Plus encourageant encore : la Fondation Kadhafi invite le collectif à se rendre à Tripoli pour une réunion de travail. Guillaume de Saint Marc, son épouse et leur cousin et néanmoins avocat du collectif, Valéry Denoix de Saint Marc, y vont à leurs propres frais le 12 juillet. Les pourparlers durent jusqu'au 15. Du 10 au 12 août, nouvelle réunion à Tripoli en la présence de Seïf Al-Islam. Un projet de protocole d'accord est conclu, dont les termes seront toutefois modifiés dix jours plus tard, à l'occasion d'une nouvelle rencontre à Tripoli, à laquelle est associée, à la demande du Quai d'Orsay, SOS-Attentats, en la personne de Mme Rudetski et de l'avocat de l'association, Me Francis Szpiner. La session prend fin le 24 août.

Automne 2003, l'affaire Lockerbie et la levée des sanctions.

Une autre session, qui devait avoir lieu deux jours plus tard est annulée à la demande des Libyens. Retour à Tripoli le 30 août, pour une quatrième session de travail.
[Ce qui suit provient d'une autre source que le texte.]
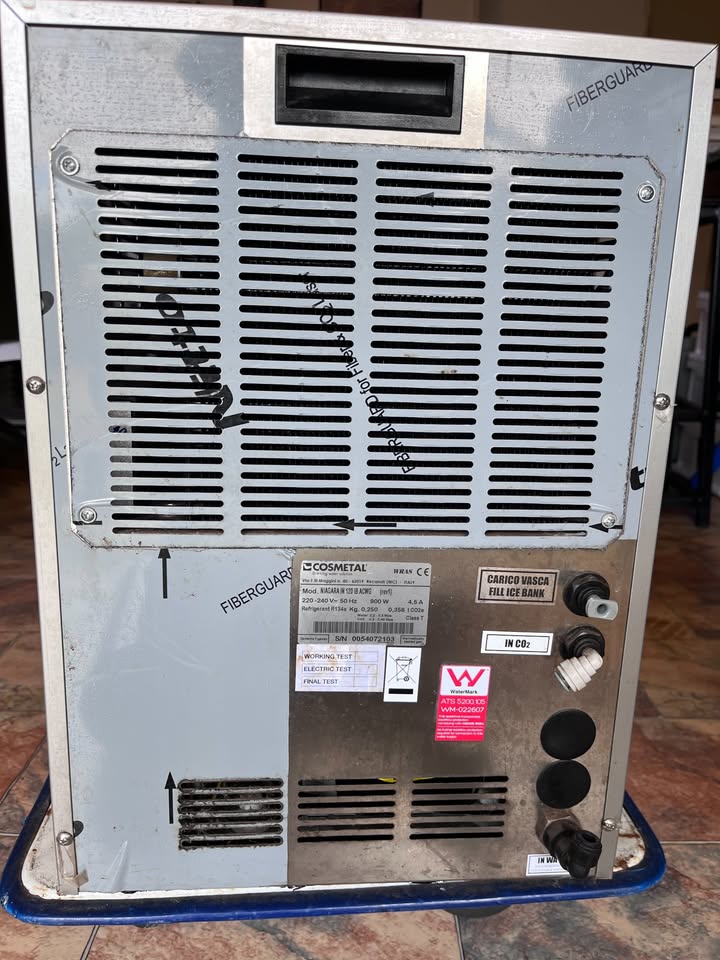 Cosmetal Niagara IN 120 IB ACWG – Water System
Les Britanniques veulent soumettre au vote du Conseil de sécurité un projet de résolution pour la levée des sanctions imposées à la Libye, après le règlement de l'affaire Lockerbie, le 13 août. La France demande un délai et prévient qu'elle mettra son veto si l'affaire du DC-10 n'est pas réglée. Une cinquième rencontre a lieu à Tripoli les 10 et 11 septembre. Un accord "de principe" est conclu.
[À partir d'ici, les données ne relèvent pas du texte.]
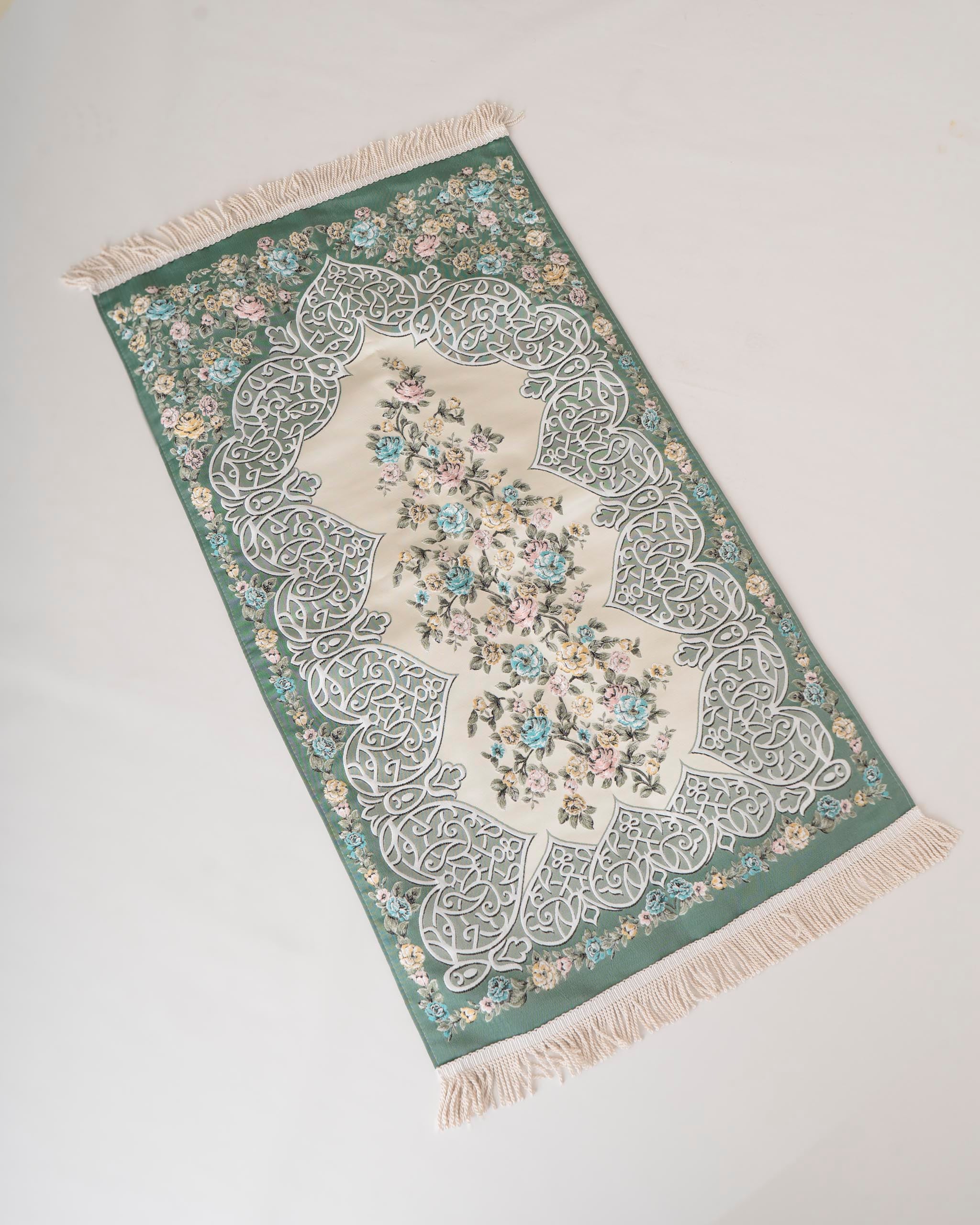 Embroidered Prayer Mats - Flowers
Le lendemain, l'ONU vote la levée des sanctions. Il y aura encore cinq sessions de travail. La onzième sera la bonne. Du côté français, les pourparlers ont été entièrement conduits par les de Saint Marc, et les pouvoirs publics étaient tenus régulièrement informés. "Le ministère des affaires étrangères a aussi fait du très bon travail", dit M. de Saint Marc. Du côté libyen, malgré la bonne volonté, la négociation était soumise aux tiraillements entre les différents courants du pouvoir politique. D'où les revers et les rétractations. Il garde de Seïf Al-Islam une impression favorable : l'image d'un homme "qui ne veut pas être éclaboussé par le passé libyen, qui veut résoudre les problèmes et donner une nouvelle image de la Libye". Il dit que le directeur exécutif de la Fondation, Saleh Abdel Salam, et son équipe, auxquels se sont joints les deux juristes qui avaient traité l'affaire Lockerbie, ont "toujours été compréhensifs et respectueux".